I have a pandas data frame, lets call it df looking like this
|Rank| Country | All | Agr |Ind |Dom |
-------------------------------------------------------
|1 |Argentina |2 |3 |1 |5 |
|4 |Chile |3 |3 |4 |3 |
|3 |Colombia |1 |2 |1 |4 |
|4 |Mexico |3 |5 |4 |2 |
|3 |Panama |2 |1 |5 |4 |
|2 |Peru |3 |3 |4 |2 |
I want to remove from the rows that are not in the next list:
paises = ["Colombia", "Peru", "Chile"]
For that I tried this code:
df = df.drop(df["Country"]= paises)
But it did not work, because they do not have the same length.
I´m so rookie in python. Can you help me?
>Solution :
Use pandas.dataFrame.isin()
Create an appropriate dataFrame mask using the list of countries you don’t want in your dataFrame.
paises = ["Colombia", "Peru", "Chile"]
df[df['country'].isin(paises)==False]
Use the dataFrame mask to assign the masked dataFrame, which excludes the paises.

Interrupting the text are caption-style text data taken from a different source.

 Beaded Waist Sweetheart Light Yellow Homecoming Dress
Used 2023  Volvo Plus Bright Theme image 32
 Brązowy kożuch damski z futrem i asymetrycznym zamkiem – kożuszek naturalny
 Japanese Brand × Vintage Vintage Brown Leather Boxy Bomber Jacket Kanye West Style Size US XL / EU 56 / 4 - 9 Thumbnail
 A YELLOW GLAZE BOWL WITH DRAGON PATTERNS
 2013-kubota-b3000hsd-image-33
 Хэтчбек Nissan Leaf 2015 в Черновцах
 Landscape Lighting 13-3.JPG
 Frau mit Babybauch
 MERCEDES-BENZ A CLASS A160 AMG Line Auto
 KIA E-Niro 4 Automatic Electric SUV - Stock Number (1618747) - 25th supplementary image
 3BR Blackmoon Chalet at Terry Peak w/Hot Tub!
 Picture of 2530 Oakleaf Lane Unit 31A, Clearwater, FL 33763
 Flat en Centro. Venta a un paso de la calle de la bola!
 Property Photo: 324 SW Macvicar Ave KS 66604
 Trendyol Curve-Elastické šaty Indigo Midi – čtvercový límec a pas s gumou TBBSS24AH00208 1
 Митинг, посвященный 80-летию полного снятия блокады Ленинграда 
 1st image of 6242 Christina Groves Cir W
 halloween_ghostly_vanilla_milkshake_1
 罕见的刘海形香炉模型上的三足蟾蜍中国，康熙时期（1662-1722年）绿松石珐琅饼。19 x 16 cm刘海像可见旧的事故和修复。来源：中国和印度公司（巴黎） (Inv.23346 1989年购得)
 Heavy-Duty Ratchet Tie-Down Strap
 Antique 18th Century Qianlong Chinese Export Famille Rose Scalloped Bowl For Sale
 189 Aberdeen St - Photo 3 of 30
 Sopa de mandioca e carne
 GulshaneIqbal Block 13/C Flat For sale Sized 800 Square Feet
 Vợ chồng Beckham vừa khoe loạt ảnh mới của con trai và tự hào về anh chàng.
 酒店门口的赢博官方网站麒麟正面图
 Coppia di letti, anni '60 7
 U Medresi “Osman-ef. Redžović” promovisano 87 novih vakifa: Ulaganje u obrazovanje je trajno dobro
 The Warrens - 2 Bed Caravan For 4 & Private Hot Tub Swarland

paises = ["Colombia", "Peru", "Chile"]
df = df[df['country'].isin(paises)==False]
>>> df
Rank Country All Agr Ind Dom
0 1 Argentina 2 3 1 5
3 4 Mexico 3 5 4 2
4 3 Panama 2 1 5 4
You can also use the not isin() operator "~" to check if values are not in the DataFrame. To use the ~ operator: df = df[~df['country'].isin(paises)]
You don’t even need the hand of Maradona for this one.